Pour aller plus loin :
lire l'article de Página/12
Visiter la page de l'émission de Felipe Pigna sur Radio Nacional, Historias de nuestra historia, l'histoire qui décoiffe les Argentins le dimanche midi pendant trois quarts d'heure (possibilité de téléchargement en mp3)

(1) Attention au sens des mots. Comme tango nuevo ne se réfère pas à Buenos Aires à un style chorégraphique qui marie la salsa et le tango comme en Europe mais au nouveau courant musical né après Piazzolla, avec la nouvelle vague des années 1990, le terme révisionnisme historique n'a rien à voir avec la remise en cause des crimes fascistes et nazis. Il désigne une nouvelle façon d'envisager l'histoire de l'Argentine en la débarrassant des scories tenaces du mitrisme, cette idéologie européanisante qui fit fureur à partir des années 1860 et marque jusqu'à aujourd'hui l'histoire événementielle et linéaire, donc simpliste, qu'on enseigne aux enfants et aux adolescents jusqu'au bac et qui marque la conscience des adultes.
(2) Conseil au passage : si vous allez à Buenos Aires, visitez ce musée. C'est un des plus beaux de la capitale argentine et l'un des mieux aménagés du point de vue pédagogique et muséographique. Une vraie splendeur dont j'aurais l'occasion de vous reparler prochainement car les danseurs Aurora Lubiz et Luciano Bastos doivent y donner un spectacle au mois d'août.
(3) Un quartier de classe moyenne, à Buenos Aires.
(4) Je confirme. On s'amuse beaucoup en le lisant.
(5) Cette question me paraît fondamentale dans toute la problématique politique actuelle concernant la culture en Argentine. Faire passer ce domaine de la vie du pays du pittoresque au politique. C'est vrai pour le tango, qui a été réduit au pittoresque par les gouvernements pro-Etats-Unis d'après la chute de Perón, de 1955 à 1983 (et on peut y ajouter les années 1990 parce que la politique de Carlos Menem a été très ambigüe sur le sujet). C'est vrai pour l'histoire et pour le sport, notamment le football. C'est vrai pour la presse et l'audiovisuel. Toute la politique culturelle avait pour but de donner à l'extérieur une image lisse et propre du pays, totalement irréelle, et d'empêcher le peuple, à l'intérieur, de réfléchir librement, d'exercer son sens critique, bref de ne surtout chercher midi à quatorze heures, des fois que cela lui permette de se rendre compte de l'importance du mensonge qui gouvernait le pays.
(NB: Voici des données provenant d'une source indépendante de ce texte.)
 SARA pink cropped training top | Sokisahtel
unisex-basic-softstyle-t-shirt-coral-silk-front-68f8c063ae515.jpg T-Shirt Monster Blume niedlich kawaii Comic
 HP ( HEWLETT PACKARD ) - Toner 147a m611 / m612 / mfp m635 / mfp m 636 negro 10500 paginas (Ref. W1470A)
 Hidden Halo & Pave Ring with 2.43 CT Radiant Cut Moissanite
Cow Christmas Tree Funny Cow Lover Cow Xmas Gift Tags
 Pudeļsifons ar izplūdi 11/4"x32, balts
(6) Lui se les permet parce qu'il a une telle notoriété et une telle assise médiatique et éditoriale qu'il peut prendre de très haut les critiques que ses confrères universitaires ne se privent pas de lui adresser. Son travail suscite en effet beaucoup de rejet et sans doute, sous les arguments méthodologiques qui ne tiennent guère la route, beaucoup de jalousie, comme en France celui du physico-chimiste Hervé This, qui a l'art et la manière d'expliquer dans ses conférences au grand public les mystères de la chimie en termes simples, clairs et amusants et se fait traiter de clown ou de zouave par une grande partie de la communauté scientifique dont les propos pontifiants et soporifiques ennuient copieusement leur audience.
(7) Perón vivait alors en exil dans l'Espagne franquiste.
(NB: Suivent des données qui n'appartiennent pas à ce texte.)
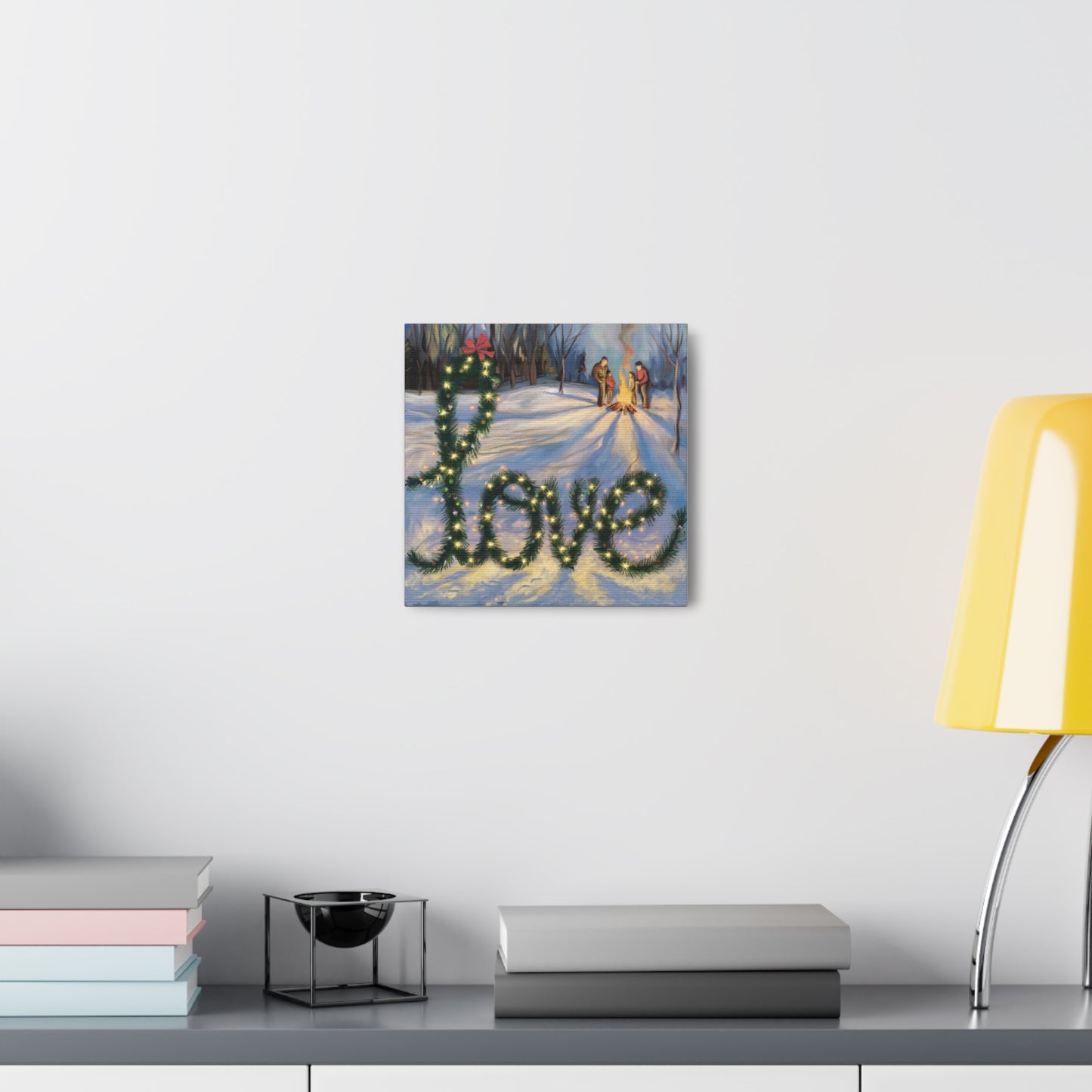 Holiday Canvas Gallery Wrap: 'Love' Winter Scene Art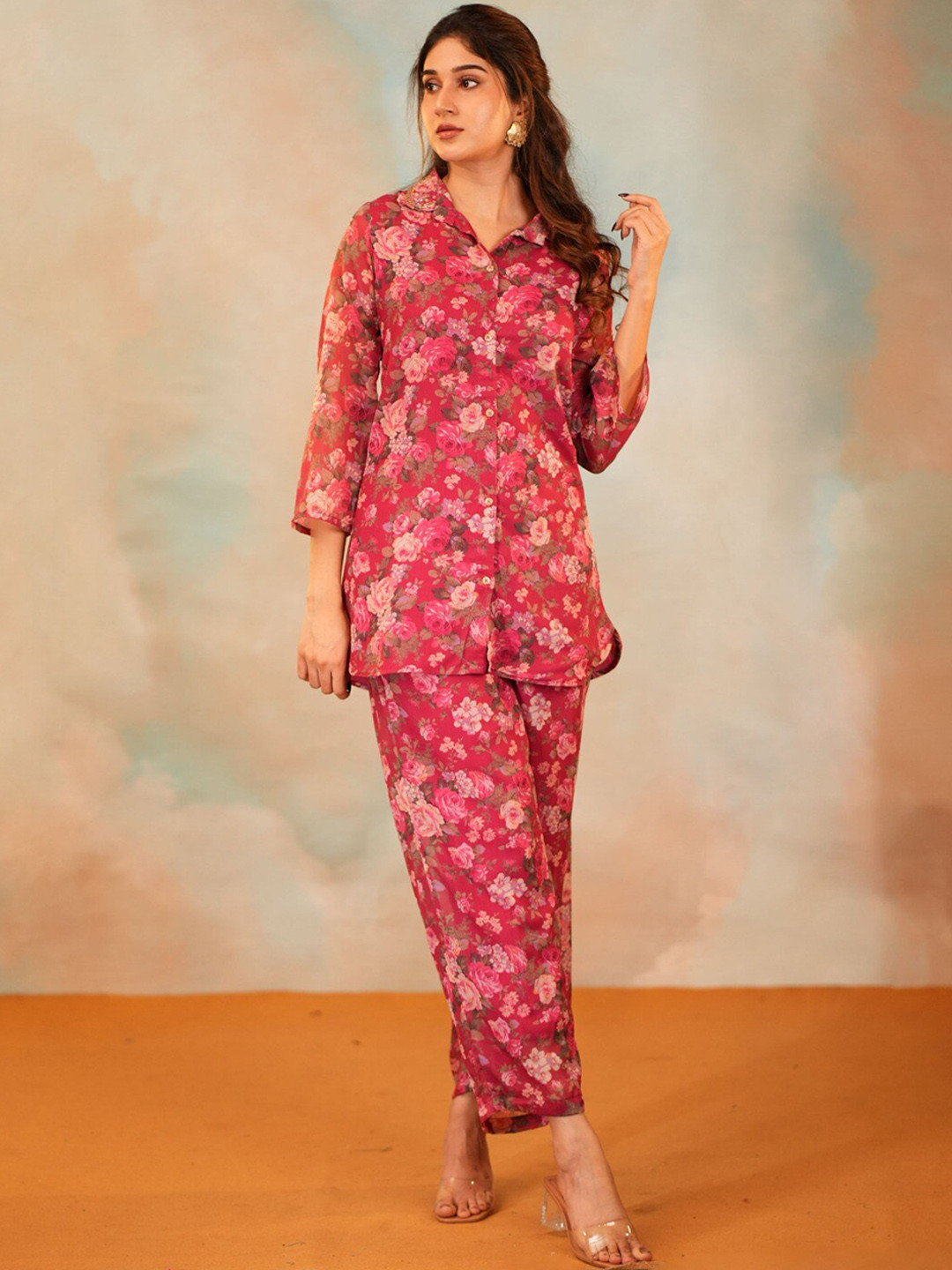 Vinya Printed Tunic With Trousers Co-Ords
(8) C'est un des gros problèmes d'incompréhension entre nous et l'Argentine, c'est qu'au lieu d'essayer de comprendre, on colle une étiquette, si possible mal sonnante et injurieuse, et on croit avec résolution la difficulté intellectuelle qu'on ne sait pas surmonter. Cette étiquette de populisme mis sur l'épopée politique qu'a été et que reste le péronisme, sous et après Perón, a l'art d'agacer et plus que cela les historiens révisionnistes, notamment Felipe Pigna et Norberto Galasso, qui ne manquent jamais l'occasion de le dénoncer, jusque chez leurs compatriotes.
(9) Il faut bien sûr restreindre le champ géographique à l'Amérique du Sud. Encore une fois, le combat et la militance de Felipe Pigna, c'est en Argentine et en Amérique latine que ça se joue. Pas à l'échelle du monde.
(10) C'est bien entendu toujours et encore le même problème aujourd'hui, ce que Felipe Pigna et le journaliste ne manquent pas de faire remarquer en conclusion de cette interview.
(11) Les gouvernements anticonstitutionnels des années 1930, téléguidés par les intérêts britanniques.